Esta aparente reviravolta – iniciada com a ‘saga’ da desregulação económica, prolongada no desmantelamento do Contrato Social – mais não traduz que o processo de adaptação do capital às novas condições de produção proporcionadas pela globalização: é possível produzir o mesmo com menos recursos. Por um lado, a evolução da divisão social do trabalho determinou a passagem da mecanização à automação e informatização, gerando uma capacidade produtiva imensamente superior à obtida na vigência do Contrato Social: com cada vez menos trabalhadores é possível produzir cada vez mais produtos, a automação substitui o trabalho manual sobretudo nas operações muito repetitivas. Por outro, recorrendo à deslocalização das empresas para zonas onde o trabalho (ainda) tem custos menores e sobretudo é menos exigente.
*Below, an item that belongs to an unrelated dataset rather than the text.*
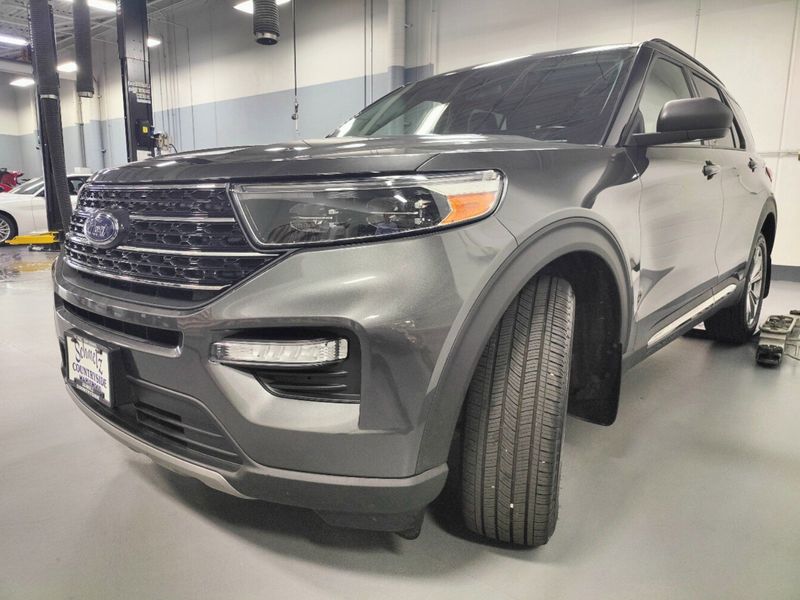 2020 Ford Explorer XLT AWDImage 9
O crescente desemprego é ‘apenas’ a consequência óbvia da destruição do ‘modelo social’!

A este propósito vale a pena uma ‘vista de olhos’ ao 1º cap. de um outro título recente (Nov.09), ‘Inquérito ao capitalismo realmente existente’, de Joaquim Jorge Veiguinha, onde algumas destas ideias e muitas outras são desenvolvidas para (nos) dar sentido à História. Para, compreendendo-a, se tentar encontrar alternativas que dêem sentido à Vida!